(Web page caption snippets)
%%
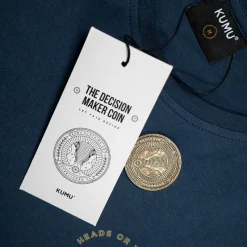 Kumu Tee Shirt Manches Courtes Homme Heads Or Tail - Bleu * T-Shirts, Polos & Chemises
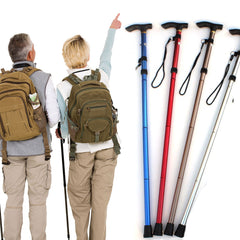 Portable Folding Trekking Poles for Outdoor Hiking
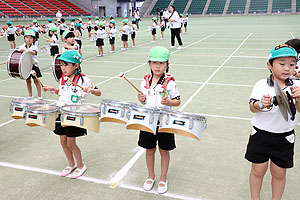 運動会予行１　　年長組　鼓笛・A・B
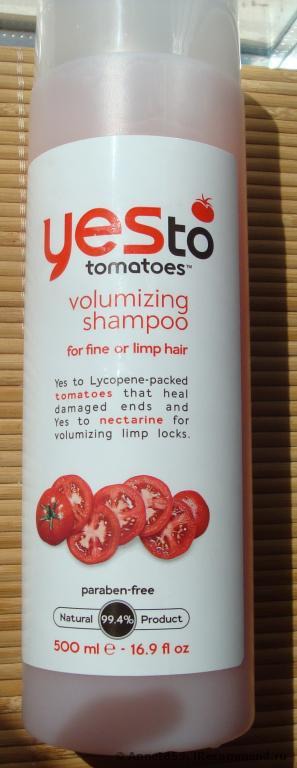 Yes To /  Tomatoes volumizing shampoo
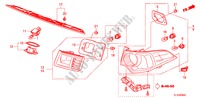 ACHTERLICHT/KENTEKEN LICHT voor Honda ACCORD 2.2 EXECUTIVE 4 deuren 6-versnellings handgeschakelde versnellingsbak 2010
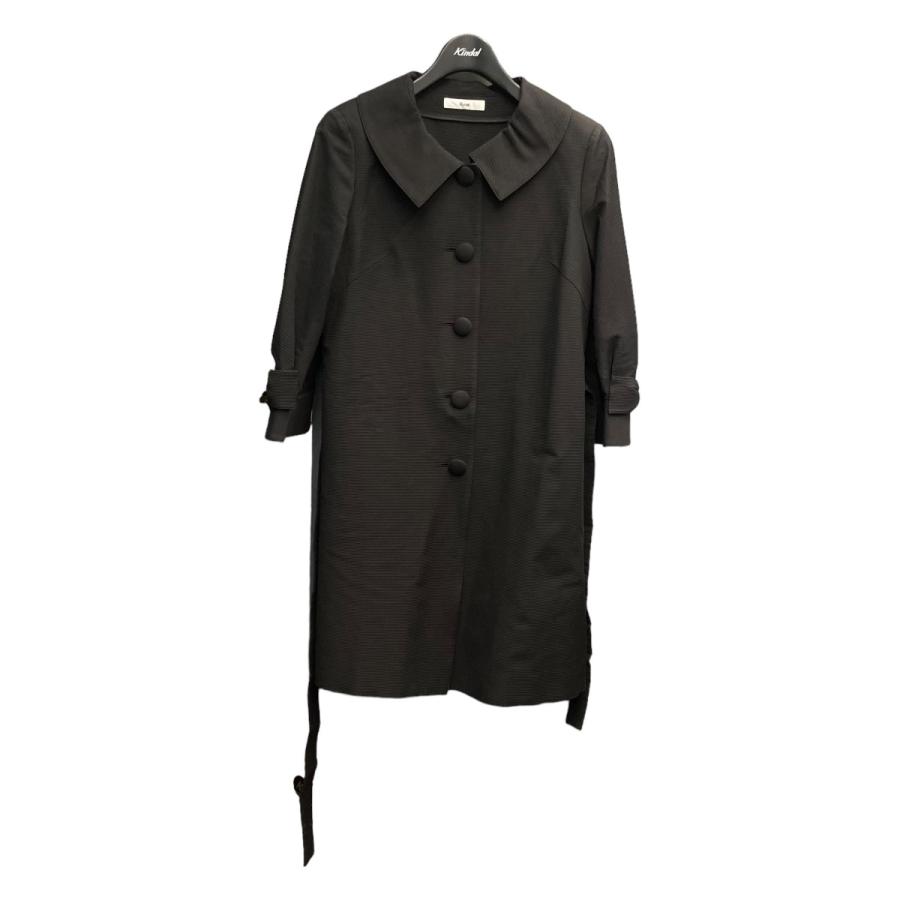 Rene 【値下げ】Rene ビッグカラーコート ブラック サイズ：36 (EC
%%
▶ **Your assignment**
Please restate the entries word for word, with all pictures left out.

▶ **Result**
 Kumu Tee Shirt Manches Courtes Homme Heads Or Tail - Bleu * T-Shirts, Polos & Chemises
 Portable Folding Trekking Poles for Outdoor Hiking
 運動会予行１　　年長組　鼓笛・A・B
 Yes To /  Tomatoes volumizing shampoo
 ACHTERLICHT/KENTEKEN LICHT voor Honda ACCORD 2.2 EXECUTIVE 4 deuren 6-versnellings handgeschakelde versnellingsbak 2010
 Rene 【値下げ】Rene ビッグカラーコート ブラック サイズ：36 (EC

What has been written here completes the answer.